Posted by Nimble Spemble 2013-01-01 05:28||
#24 Injecting the language of slavery always validates the argument and provides cover for progressives. Thanks for the guilt booster shot professor, but I'm allergic to the serum. Please forgive me for my involvement as a horse holder at Wounded Knee. I still have nightmares by the way.
Posted by Besoeker 2013-01-01 06:55||
#25 It HAS been given up on, to a large degree. I can read, and lots of stuff government does is unconstitutional, but even the Supreme Court lets it go on.
Posted by Glenmore 2013-01-01 09:01||
#26 "and lots of most stuff government does is unconstitutional"
(No charge, us being friends and all...)
Posted by Barbara 2013-01-01 09:41||
#27 Let's give up on the Constitution NFW!
Posted by JohnQC 2013-01-01 10:01||
#28 No Constitution. Okay. Then the Federal Government loses whatever pretense of legitimacy it had left and it is lock and load time.
Posted by Secret Asian Man 2013-01-01 11:13||
#29 While we are on the subject of the Constitution can someone tell me how John Kerry was able to circumvent Article 3 of the 14th Amendment? Did he not give both verbal and visual "aid and comfort" to the enemy?
Posted by Jack is Back! 2013-01-01 11:14||
#30 That "aid and comfort" bit was cancelled out by the shooting of a wounded VC with his .45 auto.

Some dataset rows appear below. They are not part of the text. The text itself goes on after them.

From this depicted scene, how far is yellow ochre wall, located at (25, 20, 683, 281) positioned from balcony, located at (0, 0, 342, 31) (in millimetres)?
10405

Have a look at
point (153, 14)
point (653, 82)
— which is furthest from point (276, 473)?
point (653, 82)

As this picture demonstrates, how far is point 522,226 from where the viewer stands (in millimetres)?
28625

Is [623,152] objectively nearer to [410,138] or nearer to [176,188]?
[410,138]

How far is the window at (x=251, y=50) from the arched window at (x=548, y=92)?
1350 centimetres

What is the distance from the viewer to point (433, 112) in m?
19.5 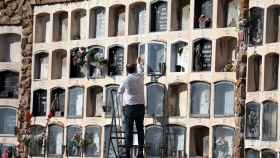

Posted by Besoeker 2013-01-01 11:20||
#31 Besoeker, the aid and comfort happened after he shot a wounded teenage VC to death. He did the aid and comfort to atone for the shooting.
Anybody know what the statute of limitations is for treason?
Posted by Rambler in Virginia 2013-01-01 11:37||
#32 Anybody know what the statute of limitations is for treason? Posted by Rambler in Virginia
For the Champ, it's the moment he steps away from the lectern.
Posted by Besoeker 2013-01-01 11:42||
#33 The oath of office of the President of the United States is an oath or affirmation required by the United States Constitution before the President begins the execution of the office. The wording is specified in Article Two, Section One, Clause Eight:
Before he enter on the Execution of his Office, he shall take the following Oath or Affirmation:--"I do solemnly swear (or affirm) that I will faithfully execute the Office of President of the United States, and will to the best of my Ability, preserve, protect and defend the Constitution of the United States."
President Franklin D. Roosevelt was administered the oath of office four times, more than any other president. However, since President Barack Obama's second inaugural is to fall on a Sunday, he is likely to be sworn in twice for his second inauguration with the second falling on Monday. If this occurs as expected, Obama will also have been sworn in four times counting the two from his first inauguration, due to Chief Justice John Roberts misstating the wording of the oath on his first attempt, thereby causing a request for a re-administration of the oath shortly after in private quarters.
So in taking the Oath of Office and then advocating the dismisal of the very document by which he holds office presents the American People with what ?
The big "T" word....Treason ? No, the Constitution having been dismissed, invalidated, holds that the "T" is the impeachable offense; no Constitution, no offense.